As mentioned, a lot of my students are products of different types of family structures. Some students are members of female-headed homes due to absentee fathers. As students discuss reasons as to why their fathers are absent, I usually hear the same themes: their fathers are incarcerated, deceased, or not interested in being present. There was one female student in particular who stuck out among the rest. This student was a senior this past school year and was looking forward to life after high school. On any day after school, she would ask my advice about college and how to apply for scholarships. As I sat with her, we began to discuss her family. She informed me that her father would not be present for her high school graduation because he is incarcerated. This past holiday, her father robbed a bank and now is serving a sentence in jail.

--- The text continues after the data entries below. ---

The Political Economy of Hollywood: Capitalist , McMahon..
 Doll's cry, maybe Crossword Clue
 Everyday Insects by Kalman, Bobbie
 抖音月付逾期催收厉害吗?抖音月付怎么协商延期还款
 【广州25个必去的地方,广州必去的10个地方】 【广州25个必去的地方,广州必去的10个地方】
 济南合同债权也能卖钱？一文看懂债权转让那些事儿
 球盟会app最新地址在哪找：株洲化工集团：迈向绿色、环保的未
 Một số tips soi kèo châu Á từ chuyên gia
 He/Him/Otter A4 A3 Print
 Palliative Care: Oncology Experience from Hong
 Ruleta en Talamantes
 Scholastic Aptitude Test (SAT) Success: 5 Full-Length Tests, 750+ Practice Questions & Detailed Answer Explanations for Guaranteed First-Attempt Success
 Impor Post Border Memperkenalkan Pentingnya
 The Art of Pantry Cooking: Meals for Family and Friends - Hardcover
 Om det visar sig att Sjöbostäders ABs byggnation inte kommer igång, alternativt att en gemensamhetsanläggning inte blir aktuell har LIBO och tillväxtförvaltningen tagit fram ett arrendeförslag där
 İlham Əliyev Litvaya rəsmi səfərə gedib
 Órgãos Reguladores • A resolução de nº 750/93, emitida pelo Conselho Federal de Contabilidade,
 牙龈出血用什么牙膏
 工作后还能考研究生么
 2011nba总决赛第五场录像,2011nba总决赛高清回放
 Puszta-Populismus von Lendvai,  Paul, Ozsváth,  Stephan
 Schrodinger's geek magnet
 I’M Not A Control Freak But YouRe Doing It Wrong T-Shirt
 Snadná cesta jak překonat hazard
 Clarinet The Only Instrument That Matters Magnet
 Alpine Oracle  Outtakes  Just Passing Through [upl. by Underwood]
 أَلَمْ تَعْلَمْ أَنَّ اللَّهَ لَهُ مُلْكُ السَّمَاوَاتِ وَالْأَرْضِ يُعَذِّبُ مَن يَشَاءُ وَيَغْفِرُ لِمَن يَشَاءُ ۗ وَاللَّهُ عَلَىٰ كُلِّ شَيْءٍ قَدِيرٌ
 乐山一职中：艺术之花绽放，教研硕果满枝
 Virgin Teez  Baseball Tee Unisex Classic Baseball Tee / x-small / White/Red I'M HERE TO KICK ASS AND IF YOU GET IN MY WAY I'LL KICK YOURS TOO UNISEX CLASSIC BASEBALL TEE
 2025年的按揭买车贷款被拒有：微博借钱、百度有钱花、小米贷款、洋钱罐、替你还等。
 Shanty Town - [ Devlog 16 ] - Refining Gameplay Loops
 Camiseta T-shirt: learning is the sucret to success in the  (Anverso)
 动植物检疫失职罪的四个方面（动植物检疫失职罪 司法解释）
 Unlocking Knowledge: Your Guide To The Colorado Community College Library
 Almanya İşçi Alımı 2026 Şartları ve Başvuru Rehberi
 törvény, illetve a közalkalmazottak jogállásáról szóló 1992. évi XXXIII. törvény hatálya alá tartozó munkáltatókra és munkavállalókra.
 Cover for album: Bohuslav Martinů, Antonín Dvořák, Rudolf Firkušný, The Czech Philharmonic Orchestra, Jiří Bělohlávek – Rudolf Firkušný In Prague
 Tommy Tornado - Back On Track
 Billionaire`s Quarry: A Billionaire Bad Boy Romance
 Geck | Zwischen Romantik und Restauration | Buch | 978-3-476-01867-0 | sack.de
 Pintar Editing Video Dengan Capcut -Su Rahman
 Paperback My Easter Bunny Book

After she told me this, there were so many thoughts running through my head. But before I could console her, she said, "But Ms. Beatty, he did it because he wanted to finally give my sister and me a good Christmas. He was always so mad at himself for not being able to provide for us and so he wanted a change." The student went on to pull out a crumbled piece of paper out of her purse. Her father's actions were in our local newspaper. After reading the article, it was evident that he was not going to be present for his daughter's high school graduation, college graduation, wedding, the birth of his daughter's children, or any other moments that parents celebrate. As the student and I sat with tears in our eyes, she looked up at me and said, "Even though I am sort of used to him not always being there, my mom will really have to do everything now."
As I looked at her, I wondered how this event would change her life. Would the choices she makes be rooted in her father's actions? More importantly, she implied that her father was never really a constant force in her family, which equates to a female-headed household. As a result of this, does she always interpret family as female headed?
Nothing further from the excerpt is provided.